But, let’s just see how bad it gets down there with the denier-in-chief who seems to think abstinence education works and the Texas education system works when Texas’ own statistics show that they don’t work at all. Republicans get elected spewing untruths and he’s a prime case in point. The state’s out of money and like my governor Bobby Jindal, the first place Republican governors look is for cuts to education rather than look for new revenue sources. What is worse, they talk about improving children’s future while doing draconian cuts to children’s schools. How do they get away with it?
“In Austin, I’ve got half-a-dozen or more schools on a list to be closed — one of which I presented a federal blue-ribbon award to for excellence,” said Representative Lloyd Doggett. “And several hundred school personnel on the list for possible terminations.”

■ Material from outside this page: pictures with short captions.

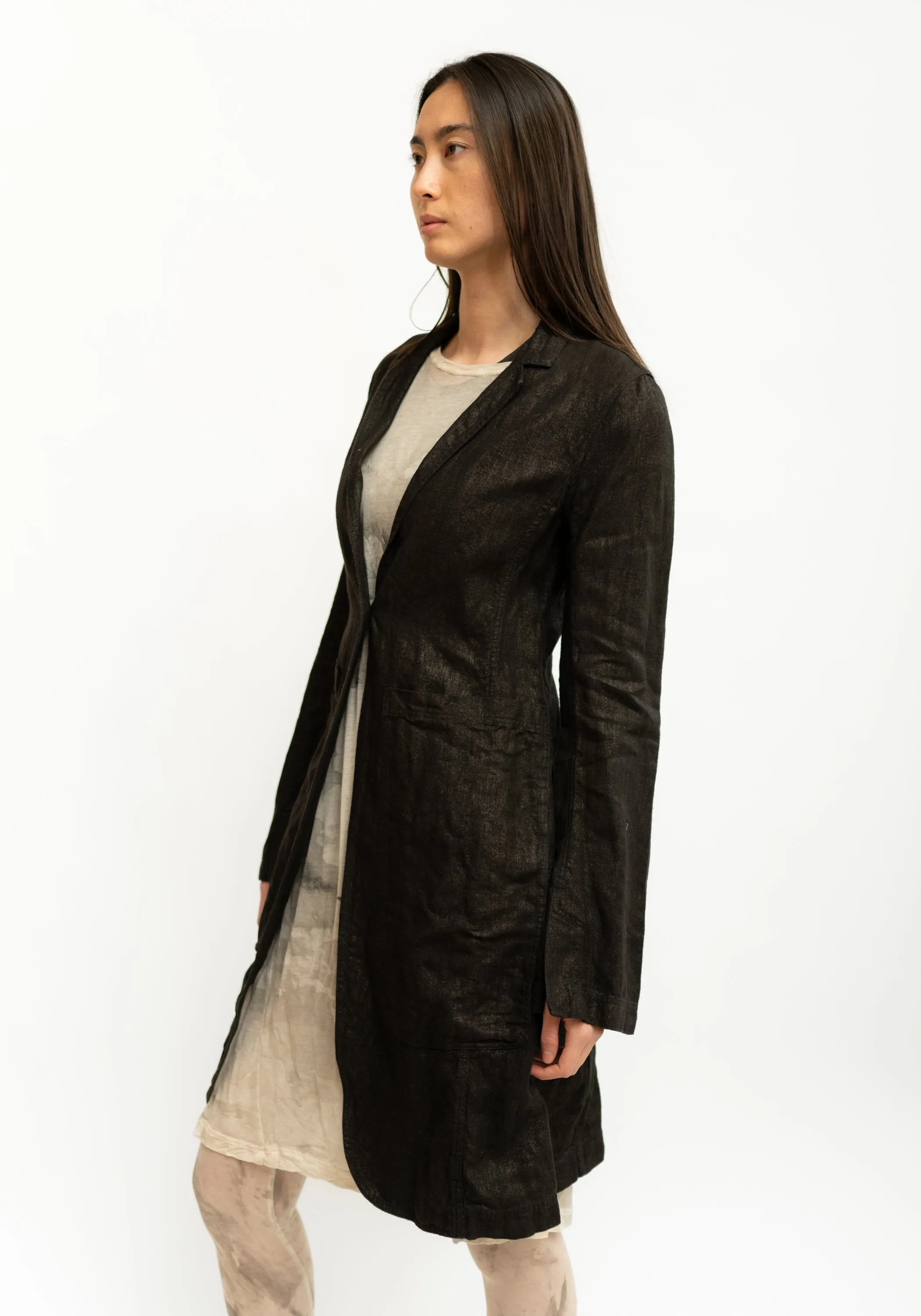 Tailored Long Metallic Linen Jacket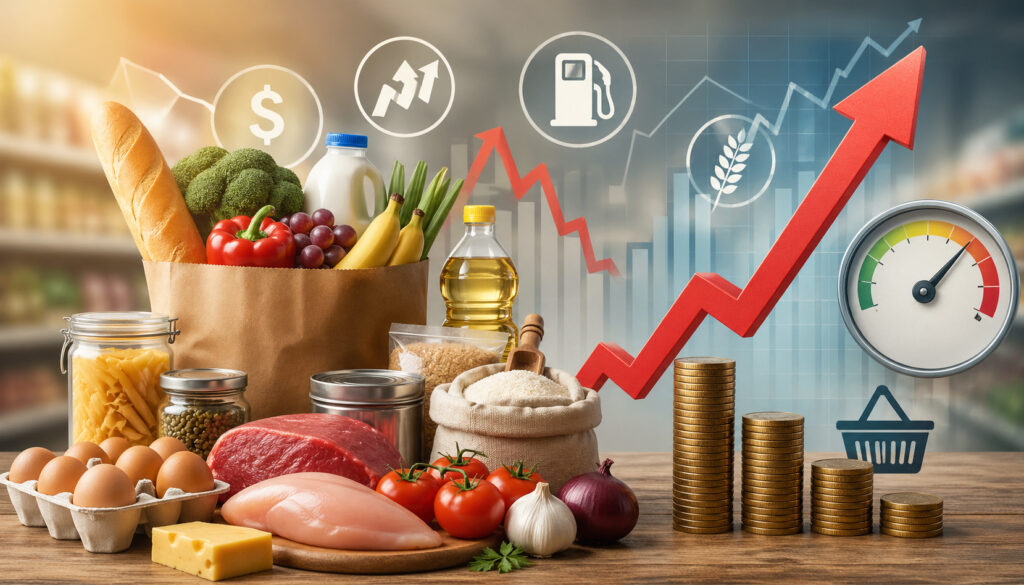 Rising grocery prices with food items, upward cost graph, and profit margin pressure concept illustration
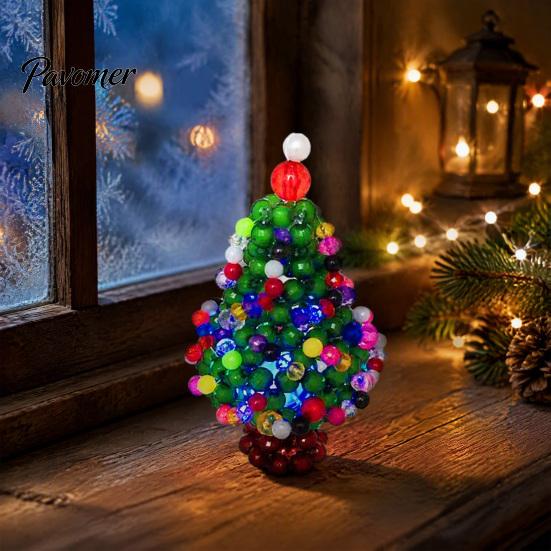 Decorative Holiday Charms Handmade Beaded Christmas Tree Ornament, Sparkly Crystal Bead Mini Art for Holidays Tabletop Decor, Hand-Woven Xmas Desktop
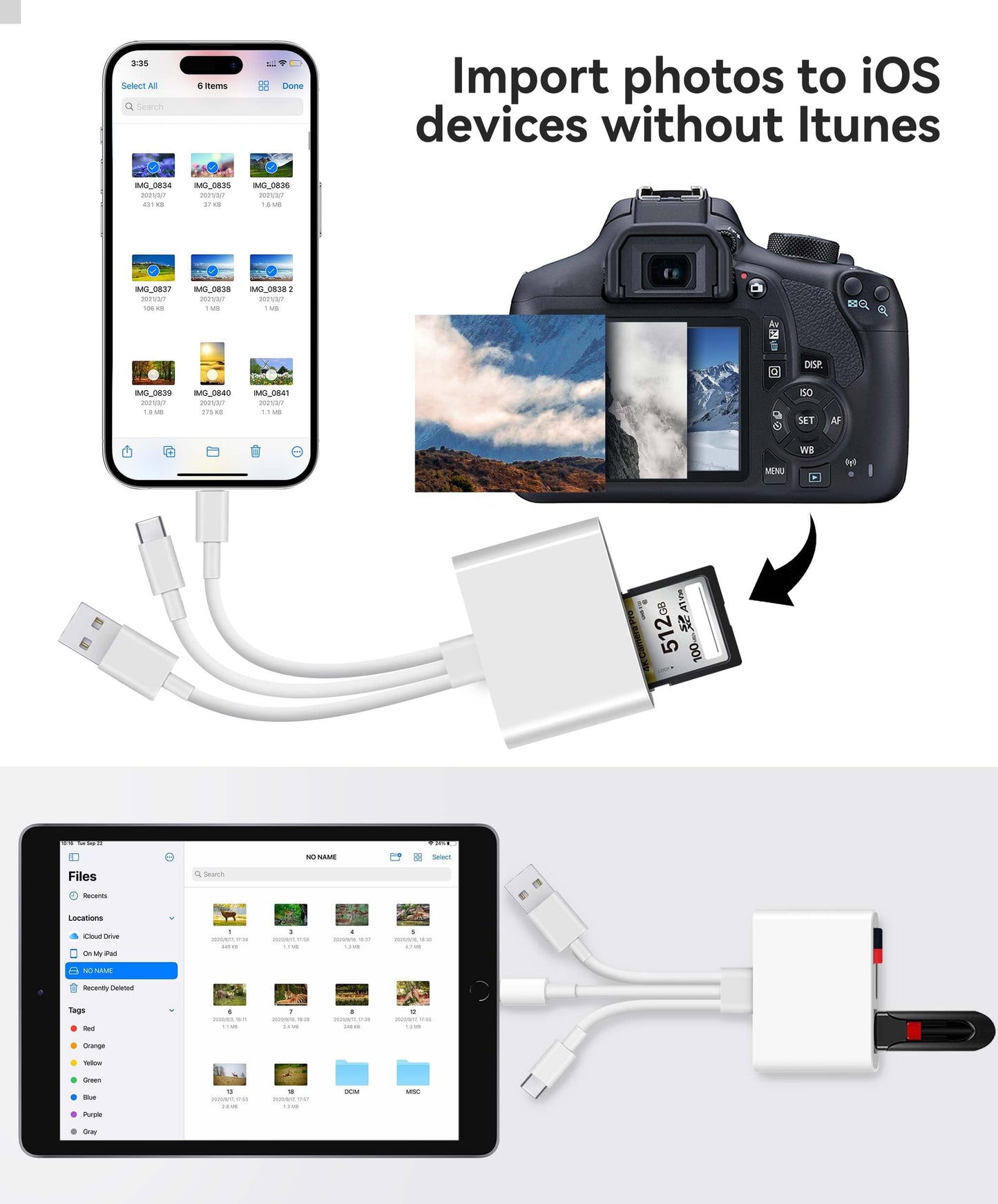 AkHolz SD Card Reader for iPhone iPad Mac Trail Game Camera Viewer Built-in 3-in-1 Connector (Lightening, USB-C and USB-A) with SD MicroSD USB-A 3 Slots, Portable No App Required Plug & Play - White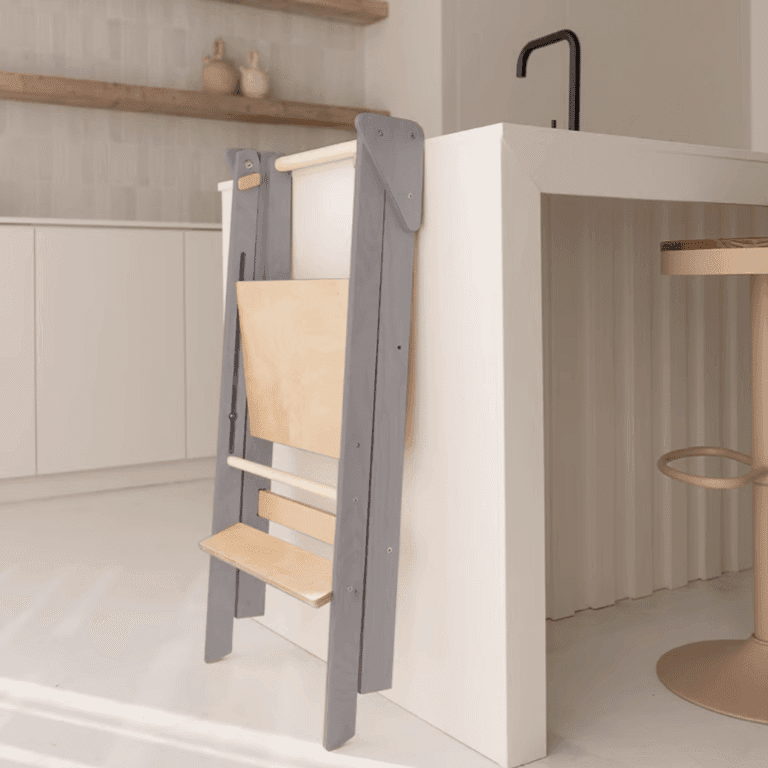 Jindl Foldable and Adjustable Toddler Tower Gray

So the first choice is what to do. You may not be surprised to hear that Governor Perry has rejected new taxes. He’s also currently refusing $830 million in federal aid to education because the Democratic members of Congress from Texas — ticked off because Perry used $3.2 billion in stimulus dollars for schools to plug other holes in his budget — put in special language requiring that this time Texas actually use the money for the kids.
“If I have to cast very tough votes, criticized by every Republican as too much federal spending, at least it ought to go to the purpose we voted for it,” said Doggett.
Nobody wants to see underperforming, overcrowded schools being deprived of more resources anywhere. But when it happens in Texas, it’s a national crisis. The birth rate there is the highest in the country, and if it continues that way, Texas will be educating about a tenth of the future population. It ranks third in teen pregnancies — always the children most likely to be in need of extra help. And it is No. 1 in repeat teen pregnancies.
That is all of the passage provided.